Acordam em Conferência no Tribunal da Relação de Guimarães.

* Os recorrentes A e L (idºs no processo) foram condenados, por sentença oportunamente transitada em julgado, nas penas únicas de dez meses de prisão (por crimes de abuso de confiança fiscal, sob a forma continuada, p. e p. pelos arts. 24º nº 1, 27º - A do RJIFNA e pelos arts. 30º nº 2 e 79º do CP) cuja execução foi suspensa pelo período de três anos na condição de pagarem ao estado, no prazo de dois anos, respectivamente, as quantias de 53.026.923$00 e 55.226.621$00 acrescidas de juros moratórios e compensatórios.

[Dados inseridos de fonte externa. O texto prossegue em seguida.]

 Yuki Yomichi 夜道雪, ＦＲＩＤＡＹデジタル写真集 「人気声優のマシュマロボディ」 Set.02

* Ambos fizeram o seguinte requerimento: 1° - Nos presentes autos foram ambos os arguidos condenados a uma pena de prisão de dez meses de prisão suspensa pelo prazo de três anos "sob a condição de, no prazo de 2 "dois” anos comprovar nos autos o pagamento ao Estado da quantia de 54.155.623$00 acrescida de juros moratórias e compensatórios legais…".

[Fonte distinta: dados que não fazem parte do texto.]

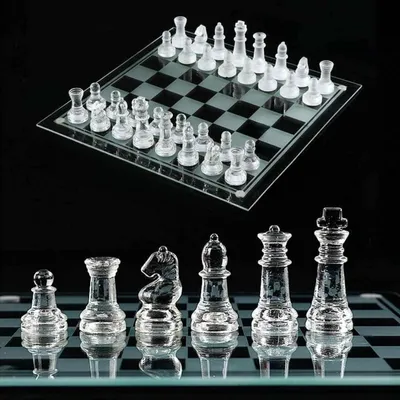 Produktbild von Omgoods – Tragbares Schachspiel aus Glas (25x25 cm)
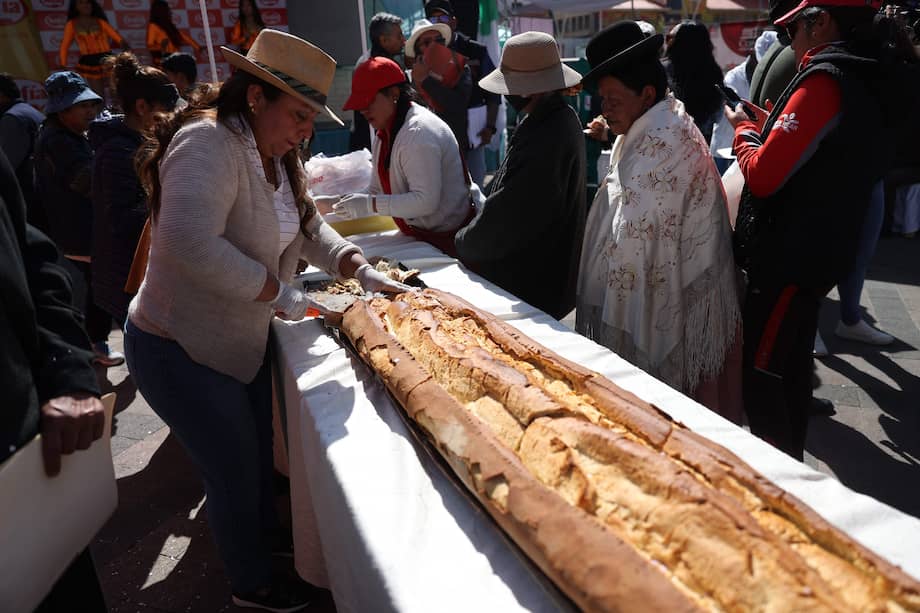 Ciudadanos paceños participan durante el día de la "marraqueta" este sábado en La Paz (Bolivia).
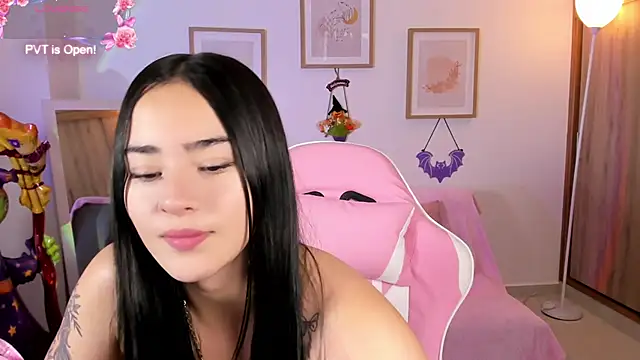 Snapshot of Veronica_isaza__ chatting on 21, 10, 2025 Veronica isaza online show from 21, 10, 2025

  1. - Acontece que ambos os arguidos já no momento em que foram condenados encontravam-se desempregados por ter sido decretada a falência da sociedade de que eram trabalhavam; 3° - Só em Maio de 2003 é que o arguido L começou a trabalhar recebendo o salário mínimo nacional de 356,60 € e o arguido A, embora tenha trabalhado sempre como trabalhador independente desde a falência da sociedade de que era sócio e gerente, auferiu e aufere um salário médio de 550 €.

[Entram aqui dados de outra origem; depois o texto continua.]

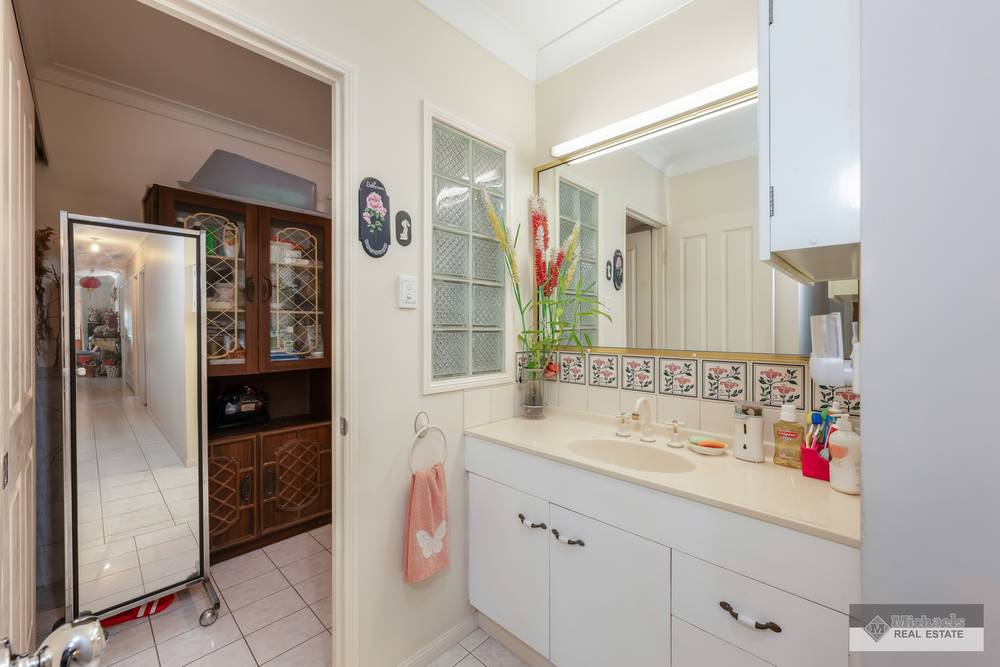 838 Wallaville Goondoon Road, DELAN, QLD 4671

  2. - Ora, o arguido L não tem outros rendimentos e é com o seu salário e o da sua mulher que é operária e que aufere um salário de 453,03 € que sustentam todo o agregado familiar composto por ambos e por uma filha menor.

  3. - O arguido A também não tem outros rendimentos é com o seu salário de 550 € liquido que começou a auferir como trabalhador independente desde que ficou sem emprego na sociedade de que era sócio e que foi judicialmente declarada falida, e o da sua mulher que é enfermeira e aufere o salário de 1.100 € ilíquidos que sustentam o agregado familiar composto por ambos e por dois filhos menores. Acresce que foi ordenado o desconto mensal de 1/4 do vencimento da mulher do arguido, o que reduz para 825 €.

  4. - Não têm assim os arguidos possibilidades económico-financeïras para pagar ao Estado no prazo designado na douta sentença a quantia que, a título de indemnização, foram condenados a pagar, visto que a situação financeira de ambos por força do longo período de desemprego e do salário que auferem não lhes permite cumprir a obrigação que lhes foi imposta como condição da suspensão da pena.

  5. - Por essa razão e só por essa os arguidos não puderam cumprir o dever a que ficou subordinada a suspensão da execução da pena, tanto mais que o dever imposto a ambos objectivamente constitui para cada um dos arguidos obrigação cujo cumprimento razoavelmente não poderá ser exigido aos arguidos tanto mais que tal dever - o de pagar no prazo de dois anos 54.155.623SOO - foi-lhes impostos no exacto momento em que ficavam desempregados e sem fontes de rendimentos, sendo, portanto, excessivo 8° - Tendo em atenção o que se acaba de alegar, a personalidade dos arguidos e o facto destes não terem actualmente nem ser previsível que venham a ter num futuro próximo bens que lhes permitam cumprir o dever que lhes foi imposto como condição de suspensão da pena, essa condição deve ser substituída por outra que ambos possam cumprir.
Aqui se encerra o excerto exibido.